Trend 3: Critical Infrastructure

Critical infrastructure, which includes major energy, utilities and telecommunications companies, is highly vulnerable to cyberattack. Nearly all critical infrastructures were designed and built before cyberattacks were a major threat, and as such even basic principles of information security are not embedded in their design. In early 2016, the first blackout caused intentionally by a cyberattack was reported. Security planners in critical infrastructure need to plan for the possibility that their networks and systems will see attack methods consistent with multiple potential threat actors: nation-state, terrorism and organized crime.

Trend 4: Threat Prevention

The Check Point’s 2016 Security Report revealed a nine-fold increase in the volumes of unknown malware attacking organizations, with nearly 12 million new malware variants being identified every month. Ransomware is becoming particularly prevalent, and it will become as much of a problem as DDoS attacks in 2017.

Given ransomware’s effectiveness, enterprises will have to employ a multi-faceted prevention strategy, including advanced sandboxing and threat extraction, in order to effectively protect their networks. They will also need to consider alternative ways to cope with ransomware campaigns. Such methods would include coordinated take-downs with industry peers and law enforcement, as well as the establishment of financial reserves to speed payments, if that is the only mitigation option.

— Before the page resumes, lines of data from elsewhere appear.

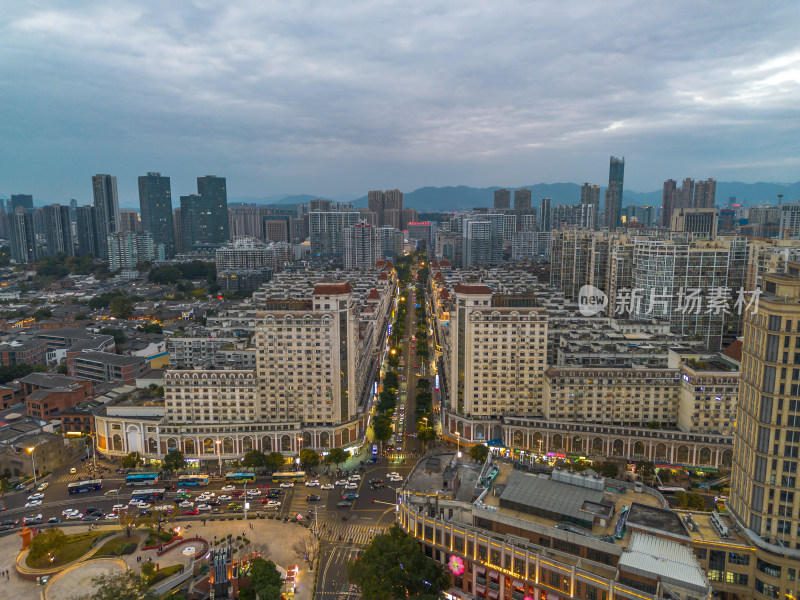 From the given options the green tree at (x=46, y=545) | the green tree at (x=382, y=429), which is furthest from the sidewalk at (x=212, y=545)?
the green tree at (x=382, y=429)

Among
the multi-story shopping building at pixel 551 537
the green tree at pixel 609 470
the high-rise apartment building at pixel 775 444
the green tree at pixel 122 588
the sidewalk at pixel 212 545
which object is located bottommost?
the sidewalk at pixel 212 545

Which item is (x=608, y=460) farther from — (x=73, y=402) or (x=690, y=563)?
(x=73, y=402)

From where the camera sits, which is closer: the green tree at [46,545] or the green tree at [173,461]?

It is also likely that there will be an increase in targeted attacks to influence or silence organizations, with ‘legitimate’ actors launching such attacks. The current U.S. Presidential campaign and interference from other nation-states demonstrates this possibility and will serve as a precedent for future campaigns.

Trend 5: Cloud

As enterprises continue to put more data in the cloud and utilize hybrid network infrastructures, including software-defined networking, they will create additional backdoors for hackers to access other enterprise systems. Additionally, any attack to disrupt or take down a major cloud provider could affect all of their customers’ businesses. While generally disruptive, such an attack would most likely be used as a means to impact a specific competitor or organization, who would be one of many affected, making it difficult to determine, or prove motive.

There will also be a rise in ransomware attacks impacting cloud-based datacenters. As more organizations embrace the cloud, both public and private, these types of attacks will start targeting these emerging infrastructures, through either encrypted files spreading cloud to cloud or by hackers using the cloud as a volume multiplier.

Darrel Burkey, Director, IPS Products, Product Management at Check Point said: “Data from our latest Security Report presents a complex and, in some respects, alarming picture for information security in 2017. As far as mobile, cloud and IoT are concerned, we passed the tipping point a long time ago – these technologies are an integral part of doing business, and cybercriminals have adapted their techniques accordingly.”

“Malicious hackers have also become smarter when it comes to malware and ransomware, releasing new variants on a minute by minute basis. The days of signature-based antivirus being enough to screen out malware are long gone.”

“Using these predictions, organizations can develop their cybersecurity plans to keep them one step ahead of emerging cyber-threats - preventing attacks before they can inflict damage.”